Multimedia I know I’m dating myself, but whenever someone says multimedia, I think of those nondescript A/V carts of my high school and university days. You know, grey rolling metal devices with messy open shelves that held a 16MM film projector, slide projector and a bunch of cords.

And while I liked the idea of multimedia, I never imagined myself as the person behind the cart.

Of course, the audio-visual landscape has changed dramatically since then. Yet most communicators – myself included – are still woven to the word as the ultimate form of communication. PR school taught people why great writing is an essential part of the profession. And in many ways it still is. But…

In the beginning, there was the word…in the end, maybe not so much

I still can’t believe that when I started my blog, I was arrogant enough to think that words were enough and didn’t want to use images.

As we all know, we’ve moved from a print-focused world, to desktop and now to mobile and it’s up to us to get better at showing, not just telling. That means integrating visuals into our communications not as an add-on, but at the concept stage. It also means learning to master a whole new set of skills. And that takes an open mind, commitment and non-billable time.

So why don’t we reimagine the A/V cart of old by transforming it into a multimedia story cart and consider the kinds of things it could carry if it was being pushed by PR:

1. Video to go.

Google recently announced that the number of searches on mobile eclipsed desktop. They’ve also been talking a lot about micro-moments – all the times during the day when we reflexively turn to our smartphones to find something out. They call these, ”˜I want to know/go/do/buy’ moments. And D S Simon’s 2015 Media Influencers Report found that 75% of producers, online editors and bloggers will use video on their sites.

So why don’t we put those two things together and build in social media video that connects us to the people we’re trying to reach when they’re in the moment.

2. Pretty pictures.

A few years ago, I sat in on a workshop by Paul M. Bowers who was sending people out on assignment to take themed-based photos and then offered feedback on the work in near real-time. One thing he said that stood out for me is that PR pros don’t buy stock headlines, why do we use so many stock photos? He challenged all of us to get better at photography. And the only way to accomplish that is by doing. Using our smartphones to capture ideas in images and learning how to fine tune and edit them so they don’t look like an after thought. Since then, whenever I give a talk, I try to include as many of my own photos as I can.

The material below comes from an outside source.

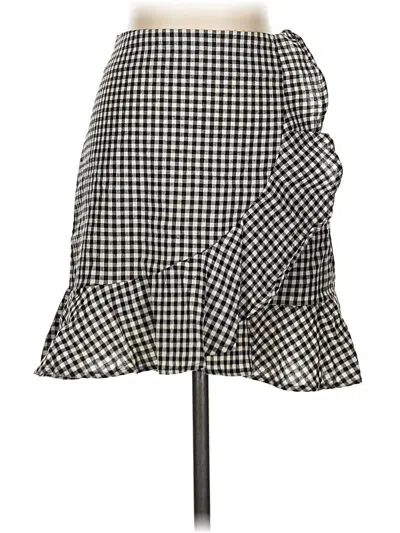 Pre-owned Assorted Brands Casual Skirt In Black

They may not be the best around, but I like trying to create visual ideas. And I believe I’m improving – at least I hope I am.

3. All-purpose word cutter.

And speaking of editing, communicators need to get their hands on a handy device to trim away those excess words. Come to think of it, Twitter is a good place to start. Use brevity in your writing and try to think of images that can better convey your points. As you can see by this post, I still have a ways to go.

I’m not saying we should abandon words altogether. But we do need to look at the world in a more visual and, while we’re at it, a more mobile way.